Take a Euro account with Rabodirect for example.  Rabodirect is regulated by the Dutch authorities.  If the Euro were to split, and the Netherlands ends up being one of the "strong" Euro countries, then I'd assume that Euros now in a Rabodirect account will become "strong" Euros.  It shouldn't matter where the account holder is domiciled.

The possibility is that if the Euro splits into "strong" and "weak" Euros, then the inevitable result will be a devaluation of the "weak" Euro.  Ireland would probably end up being a "weak" Euro country.  In that case, the "strong" Euros in the Rabodirect account could then be converted to a greater quantity of "weak" Euros when transferred from the Rabodirect account to, say, an AIB or BoI account.

It's highly unlikely that the "weak" Euro would ever rise above parity with the "strong" Euro, so leaving money in a non-Irish, "strong" Euro account would have to be a good thing.

Any comments ?

Maurice


----------



## Happy Girl (8 Dec 2010)

maurice57 said:


> As far as I understabd it, in the event of a split Euro, thg real questions are :
> 
> (1) What currency is an account denominated in ?
> (2) What jurisdiction is the bank (where the account is) operating under ?
> ...


 
So would holding a sterling account in Permanent TSB work on the same basis ie that if it we were forced to convert it into An Punt Nua that we would get a greater quantity of "weak" euros for our sterling.


----------



## Homer (26 Jan 2011)

maurice57 said:


> The possibility is that if the Euro splits into "strong" and "weak" Euros, then the inevitable result will be a devaluation of the "weak" Euro.
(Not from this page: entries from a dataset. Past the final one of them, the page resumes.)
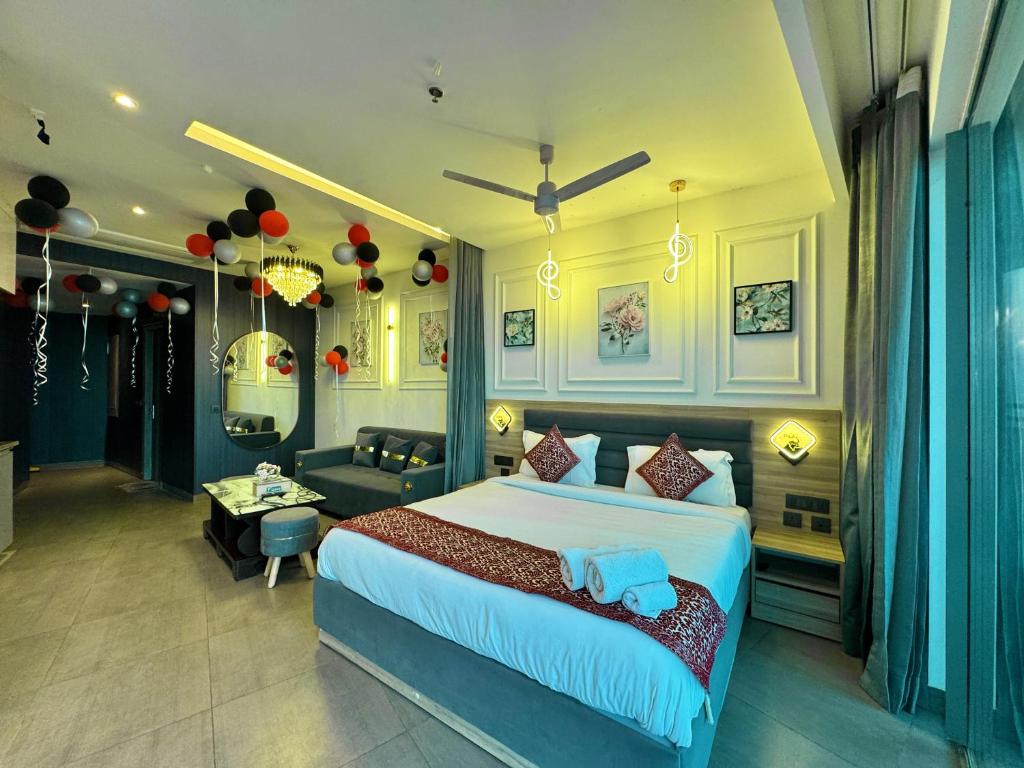 a bedroom with a large bed and a living room at Mulberry Homes Supernova in Noida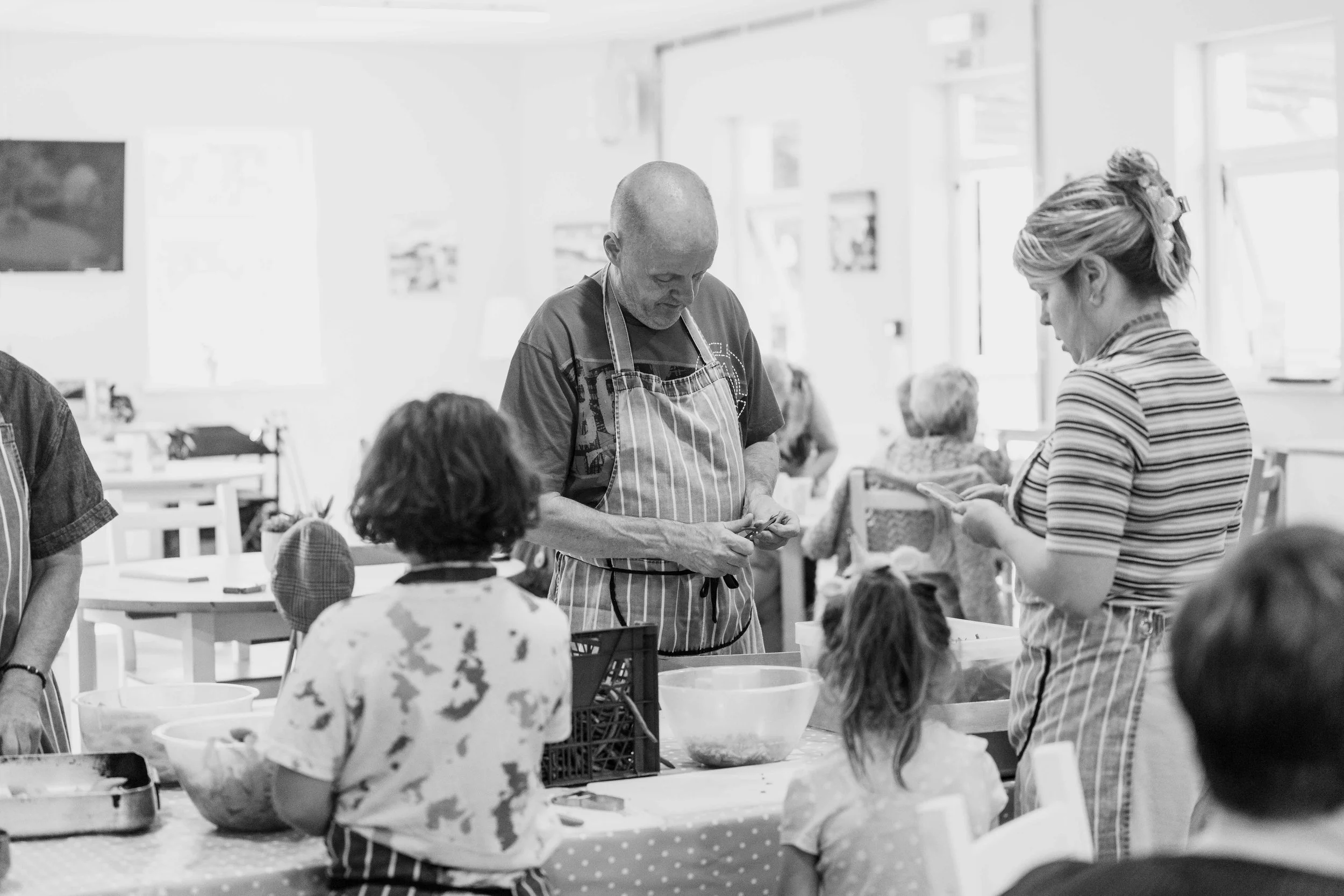People in a kitchen with aprons preparing food, with children and adults around.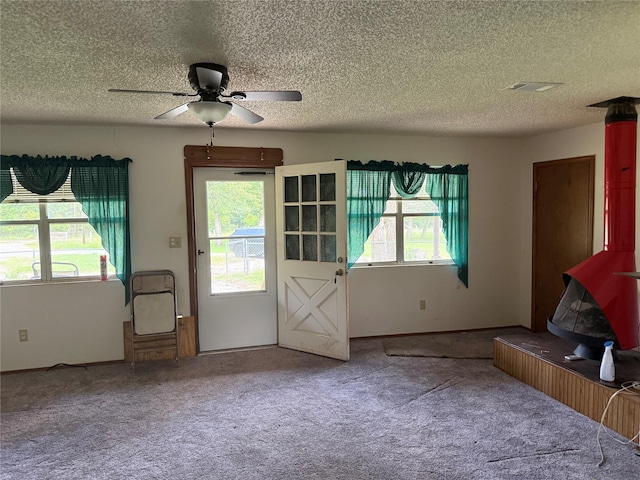 7719 County Road 233, Centerville, TX 75833 - entryway featuring a textured ceiling, carpet, and a ceiling fan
Ireland would probably end up being a "weak" Euro country. In that case, the "strong" Euros in the Rabodirect account could then be converted to a greater quantity of "weak" Euros when transferred from the Rabodirect account to, say, an AIB or BoI account.


 
Does anyone know if Maurice's assumption is correct?  Is Rabodirect a branch or a subsidiary of the Dutch bank and would accounts with the Irish branch/subsidiary be regarded as denominated in Irish currency (which currently happens to be the euro) or in the euro itself (whatever that means these days).


----------



## Homer (26 Jan 2011)

Actually, I found a response (of sorts) to my question on the Rabodirect website.  Not very satisfactory.  Makes me think that I should investigate transferring the money I have with Rabo to an account directly with their head office.
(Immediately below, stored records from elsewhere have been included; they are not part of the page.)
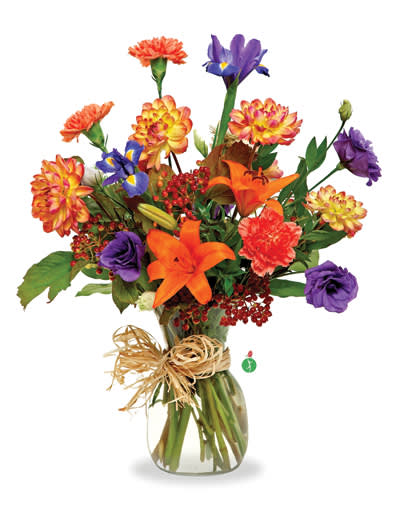 Mixed bouquet of orange, purple, and yellow flowers in a glass vase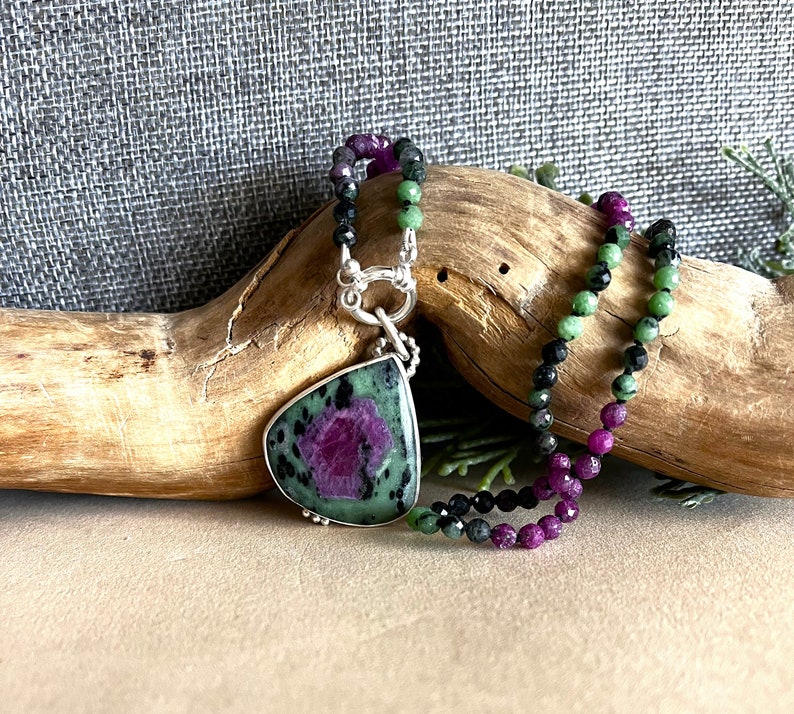 May include: A green, black, and pink gemstone necklace with a large green and pink pendant. The pendant is a teardrop shape and has a silver clasp.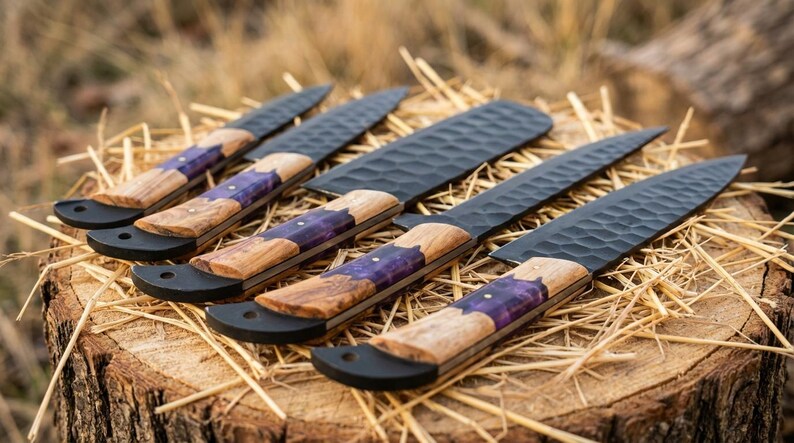 K&ouml;nnte beinhalten: F&uuml;nf handgefertigte Messer mit schwarzen Klingen und Holzgriffen. Die Griffe haben eine violette Einlage. Die Messer liegen auf Stroh, das auf einem Baumstumpf platziert ist. Die Klingen haben eine strukturierte Oberfl&auml;che.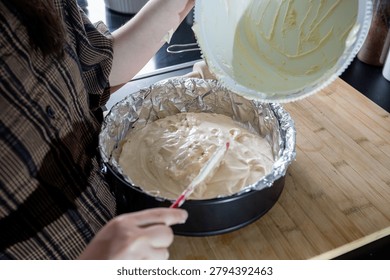 Spreading and leveling sponge cake batter in a foil-lined springform pan with a red spatula in a modern marble kitchen, finishing the batter before baking.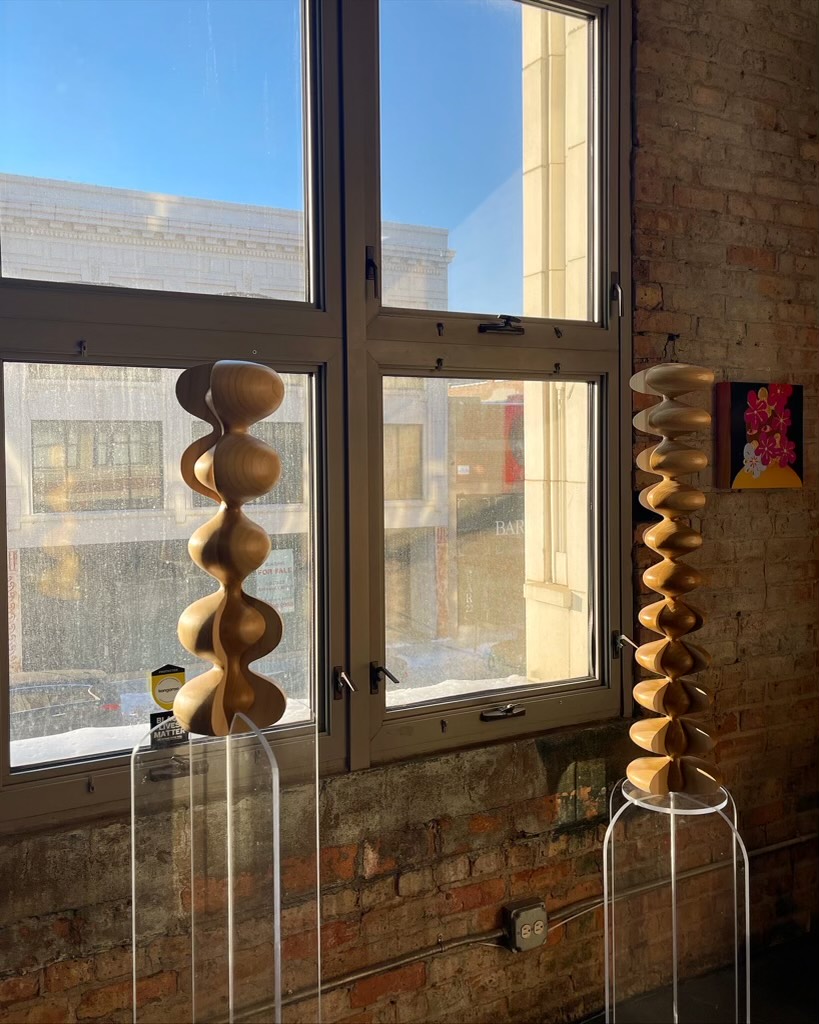 Image: An installation view of two sculptures by Vivian Chiu: Split Variation 5/4, 2021, poplar, laquer, 22 x 7 x 7"; Split Variation 11/4, 2021, poplar, laquer, 32 x 7 x 7". Image courtesy of FLXST Contemporary.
Comment by Concerned Investor on 30/11/2010 01:11 

What happens to the funds in my Rabo bank saving account if the Irish Government re-introduces the Punt? (Do they remain as Euros or will Rabo convert them to Punts?)



Comment by RaboDirect Customer Care on 30/11/2010 01:50 



Hi Concerned Investor,

Thank you for your email. This is a highly unlikely scenario and you should note that there have been no actual steps taken to remove any of the weaker countries from the Euro. If this situation did arise it would depend on the legislation that would be adopted by the Irish Government to resolve the issue. Although we are licensed by the Dutch Central Bank we must comply fully with the codes of practice of the Central Bank of Ireland and with all relevant EU and Irish law.
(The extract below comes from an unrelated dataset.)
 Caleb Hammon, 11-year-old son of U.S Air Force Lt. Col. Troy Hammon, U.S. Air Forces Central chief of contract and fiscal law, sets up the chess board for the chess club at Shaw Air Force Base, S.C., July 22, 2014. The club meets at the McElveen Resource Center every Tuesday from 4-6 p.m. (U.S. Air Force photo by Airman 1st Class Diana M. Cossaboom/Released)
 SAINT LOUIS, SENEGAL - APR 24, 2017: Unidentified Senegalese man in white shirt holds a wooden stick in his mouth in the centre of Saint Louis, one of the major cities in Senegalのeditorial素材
So if new legislation is passed by the Government to affect all banks operating in Ireland, RaboDirect could potentially fall within the remit of that legislation. Again, this is speculation on the consequences of legislation which hasn't even been proposed, so it is hard to predict its effect.


----------



## dockingtrade (27 Jan 2011)

what would happen to investment funds where the base currency is eur? Ireland is one the main centres in the world for funds so what would happen to all the irish domicilled funds.


----------



## PetPal (16 May 2011)

*Best denomination if Euro were to collapse?*

I wanted to resurrect this post again, given that things have gradually deteriorated since that initial post.  I opened a sterling account with Ulster a couple of months back, when it looked as if things might turn bad very sharply.  Put half my savings into it.  Half still with Northern Rock (in Euro).  Are we any wiser now as to what would happen to the Euro in Northern Rock if (a) Ireland left the eurozone or (b) the euro collapsed?  The other question is, albeit that I have "safe" sterling, it is still in a bank in Dublin.  Should I really consider putting it in an English bank in the UK (where my husband has a bank account)?  I know that our deposits are supposed to be guaranteed up to 100k (which would well cover my savings), however I'm not sure that I would trust any guarantee at this stage of the proceedings.  Also (although this is a little OTT) do posters consider it likely that, if things got really really bad, the Government would freeze deposits, and thus nobody could get at their savings??  Has anybody any advice in this regard?  Any new perspective that I may have missed?  Thank you.


----------



## JoeB (16 May 2011)

Accounts can be denominated in any currency, but must be governed under some national law that's not Irish.

Rabo seem to comply with Irish law, (as above), and so they'd follow a lawful direction to garnish accounts. So if Gov.ie passes property confisaction laws then Rabo will follow them.

Ulster bank's T&Cs state 'non exclusive jurisdiction' of Northern Ireland, so I'd avoid them.

AIB GB seem to be governed, exclusively, under Northern Irish law. So they'd happily ignore directions made by Gov.ie. But are they bound by the Irish Central Bank?, and if so, is this a problem?

I'd prefer accounts that make no mention of Ireland, irish Regulators, or Irish central banks...


----------